- Galapagos NV on Wednesday hailed positive clinical data for its lung disease drug, but some analysts are suggesting the celebration may be premature.
- After 12 weeks, patients with idiopathic pulmonary fibrosis (IPF) who took Galapagos' GLPG1690 demonstrated an 8 mL increase in their forced vital capacity (FVC), according to topline results from the Phase 2a FLORA trial. Conversely, the study's placebo arm showed an 87 mL reduction in FVC, which measures lung health by how much air a person can push out of the organ.
- While Galapagos leadership trumpeted their drug's ability to "halt disease progression," others weren't as convinced. Jefferies analyst Michael Yee highlighted in a Aug. 9 investor note about fellow IPF drugmaker FibroGen Inc. that, though promising, the FLORA investigation was limited by its small enrollment and short duration.
Investigators enrolled 23 patients in FLORA, with 17 in the treatment group and 6 in the control group, and ran the trial over roughly three months. Yee points out, however, that Phase 3 studies for rival therapies, such as FibroGen's FG-3019, employed much more robust enrollment and testing periods. That's important, because FVC tends to get worse over time, even when patients are receiving treatment.
It's "still early to make too many claims on halting disease," Yee said in his Aug. 9 note. He added that the early results don't look like they met statistical significance for FVC, though they did evince "attractive proof of concept" and some statistical significance with regard to functional respiratory imaging (FRI).
Galapagos, however, sees the trial design as a plus — reflective of its drug's fast-acting benefits for IPF patients.

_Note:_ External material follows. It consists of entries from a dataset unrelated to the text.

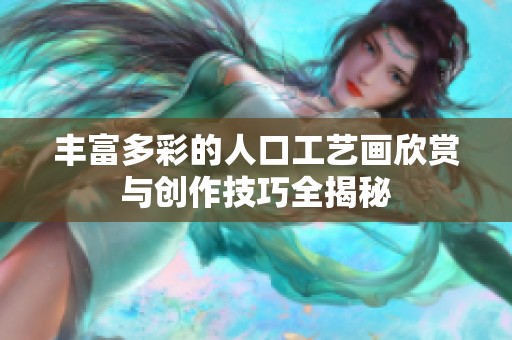 丰富多彩的人口工艺画欣赏与创作技巧全揭秘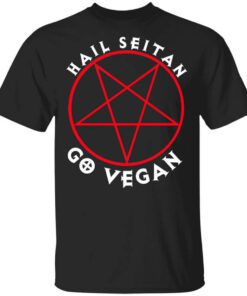 Hail Seitan Go Vegan Shirt.jpg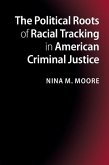 Political Roots of Racial Tracking in American Criminal Justice (eBook, ePUB)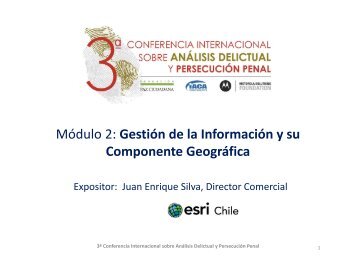 Exposición de Sr. Juan Enrique Silva. Gerente General ESRI-Chile.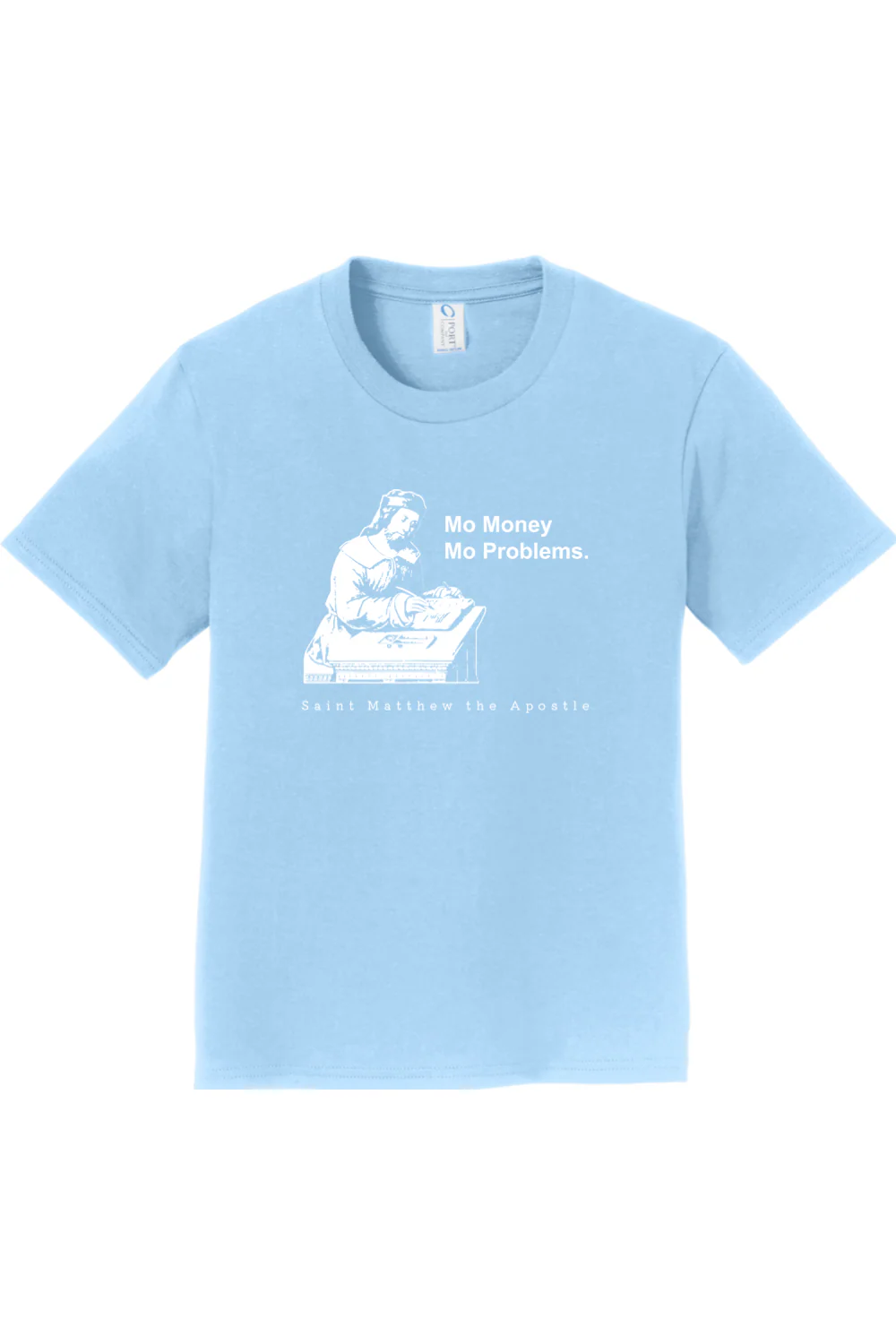 Mo Money Mo Problems - St. Matthew Youth T-Shirt - Image 2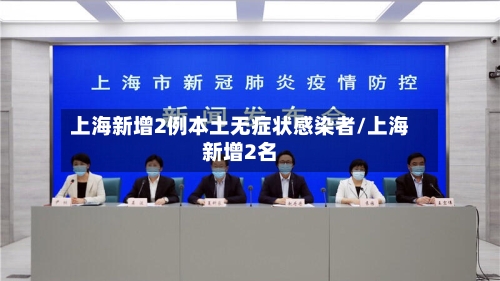 上海新增2例本土无症状感染者/上海新增2名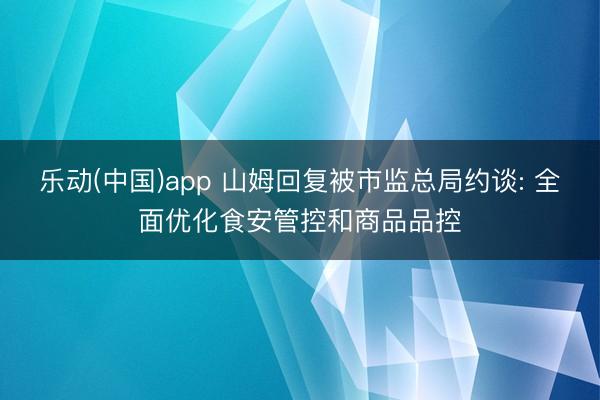 乐动(中国)app 山姆回复被市监总局约谈: 全面优化食安管控和商品品控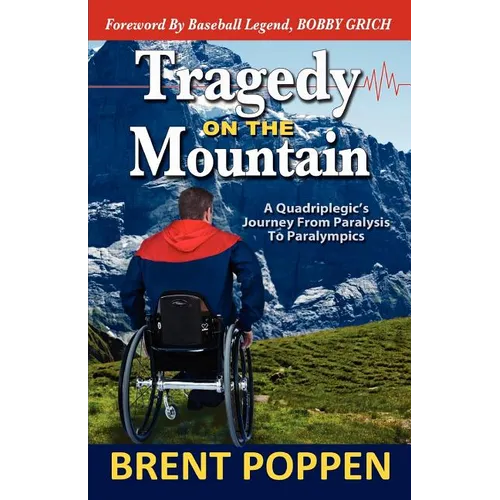 Tragedy on The Mountain: A Quadriplegic's Journey From Paralysis To Paralympics - Paperback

"The stabilization of FVC over 12 weeks upon GLPG1690 treatment is a major milestone in IPF, where, by way of reference, the currently approved treatments show a decrease of approximately 30 mL over the same treatment period," Galapagos Chief Scientific Officer Piet Wigerinck said in an Aug. 9 statement.

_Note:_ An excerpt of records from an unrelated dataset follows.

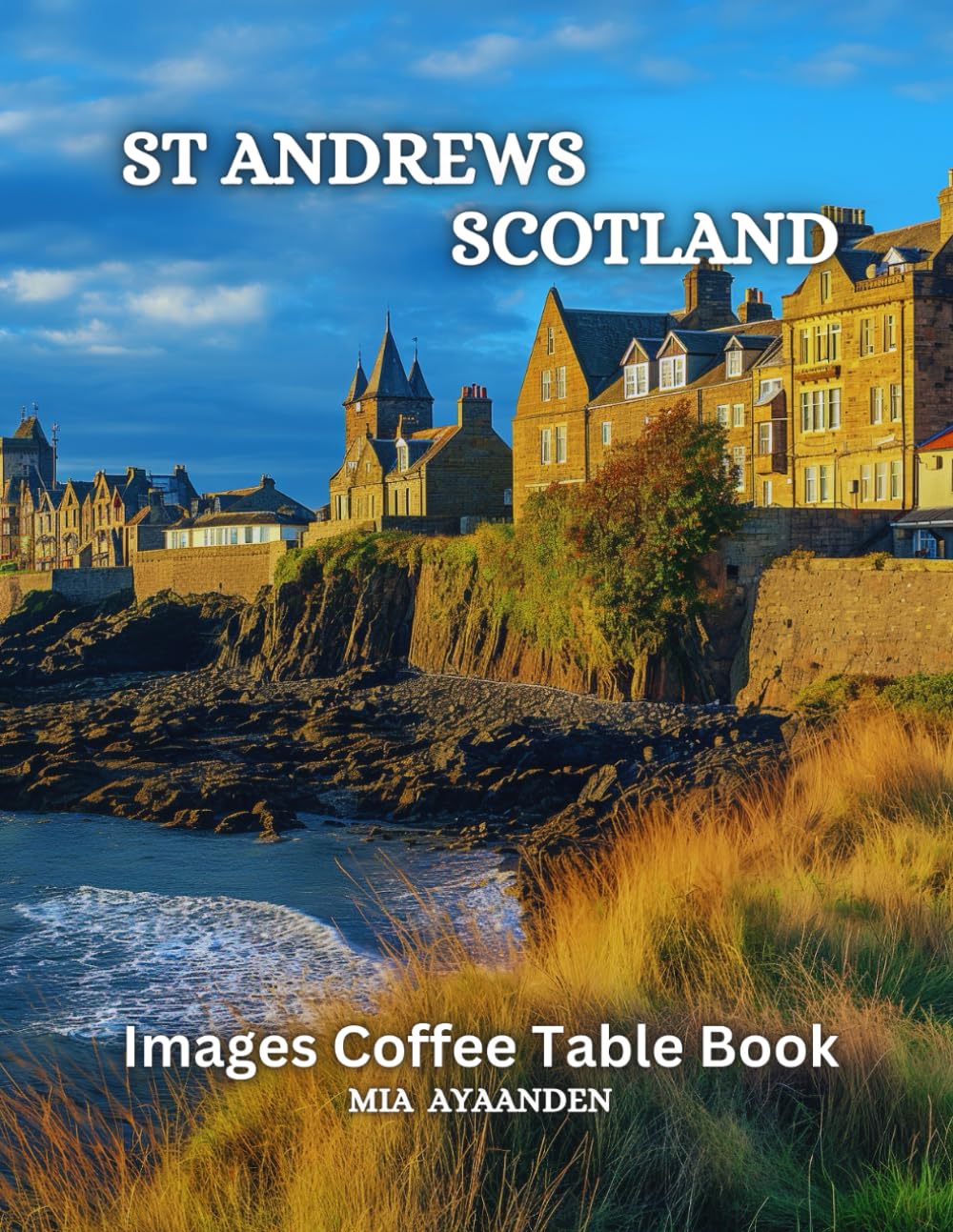 St Andrews Scotland Images Coffee Table Book for All : a Colorful Tour of Beautiful AI Pictures for Relaxing & Meditation, for Vacation & Cityscape ..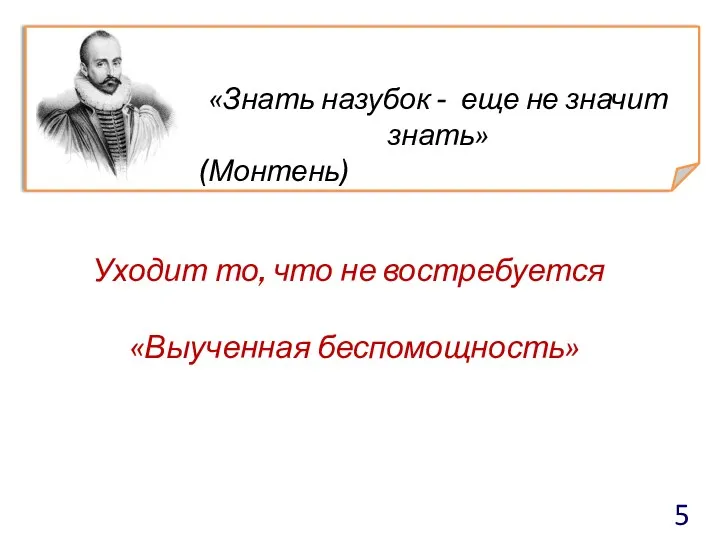 Уходит то, что не востребуется «Выученная беспомощность» «Знать назубок - еще не значит знать» (Монтень)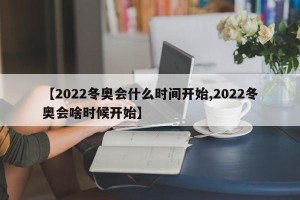 【2022冬奥会什么时间开始,2022冬奥会啥时候开始】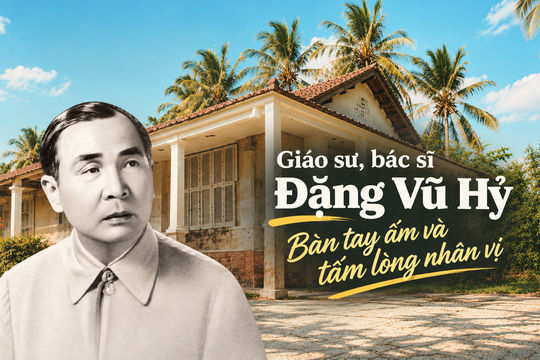 Giáo sư, bác sĩ Đặng Vũ Hỷ: Bàn tay ấm và tấm lòng nhân vị
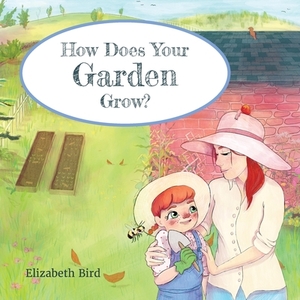 How Does Your Garden Grow? by Elizabeth Bird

What's more, the company believes the results reaffirm the promise of its drug discovery platform outside of its highly anticipated Janus kinase inhibitor filogotinib.

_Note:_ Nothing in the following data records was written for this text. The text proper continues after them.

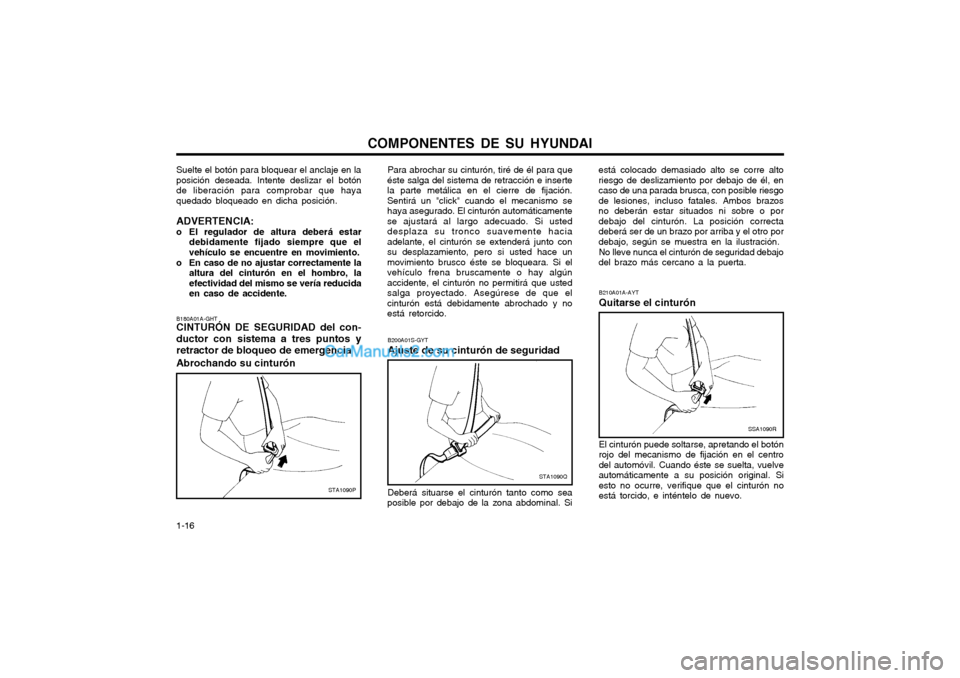 Hyundai Matrix 2004 Manual del propietario (in Spanish) COMPONENTES DE SU HYUNDAI
1-16 B210A01A-AYT Quitarse el cinturón
SSA1090R
El cinturón puede soltarse, apretando el botón rojo del mecanismo de fijación en el centrodel automóvil. Cuando éste se Hyundai Matrix 2004 Manual del propietario (in Spanish) COMPONENTES DE SU HYUNDAI
1-16 B210A01A-AYT Quitarse el cinturón
SSA1090R
El cinturón puede soltarse, apretando el botón rojo del mecanismo de fijación en el centrodel automóvil. Cuando éste se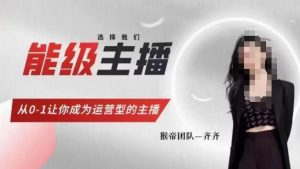 猴帝家的主播课,能级主播成长,从0-1让你成为运营型的主播-如意资源库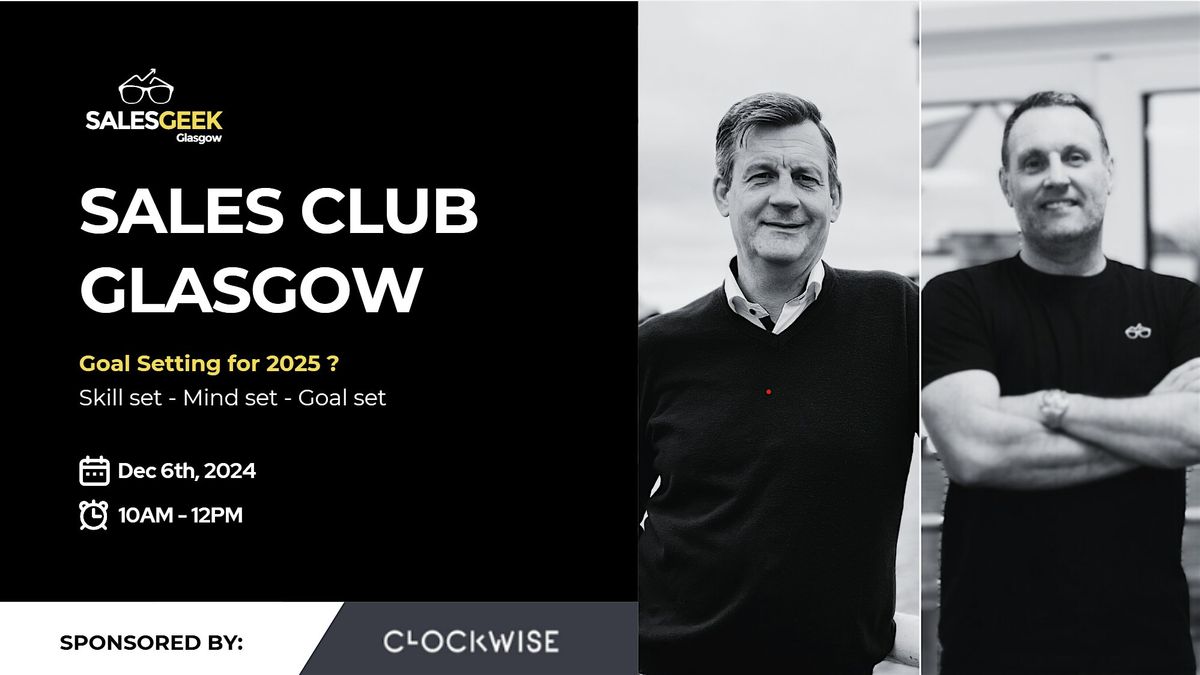 Sales Club Glasgow - Goal Setting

"Not only does GLPG1690 show early promise as a potential therapy for IPF, but it also marks an important milestone for Galapagos as a company: proof of concept in patients of a second mechanism of action coming from our target discovery platform. Galapagos has shown that this platform continues to deliver novel mechanisms of action beyond JAK-1 in inflammation," Wigerinck said.
In addition to FVC improvement, patients taking Galapagos' drug demonstrated disease stabilization, with FRI showing the treatment hit statistical significance for two specific parameters. The company didn't elaborate on what those parameters were in the Aug. 9 statement.
The company also said it has met with regulators and plans to quickly push GLPG1690 into late-stage testing.
A Food and Drug Administration approval of the drug would surely evolve Galapagos' revenues and market capitalization. The IPF patient population is large, yet there are few treatments green lit in the U.S. to treat the disease.
The medicines that have gained market access have so far been profitable. Roche AG, for instance, put down more than $8 billion to acquire InterMune, Inc. back in 2014. The deal gave the Swiss drugmaker control over the IPF drug pirfenidone, now branded as Esbriet. Revenue from the treatment totaled CHF 418 million ($435 million) in the first half of 2017.
GLPG1690 works by inhibiting autotaxin, an enzyme that creates signaling molecules and plays a role in a variety of bodily activities such as lymphocyte homing and tumor progression. Patients who took the drug in FLORA had lower levels of a biomarker for autotaxin inhibition, meaning the "level of target engagement observed in Phase 1 with healthy volunteers was confirmed in IPF patients in FLORA," according to Galapagos.
Galapagos shares climbed nearly 14% to $83.24 apiece between Wednesday afternoon and Thursday morning.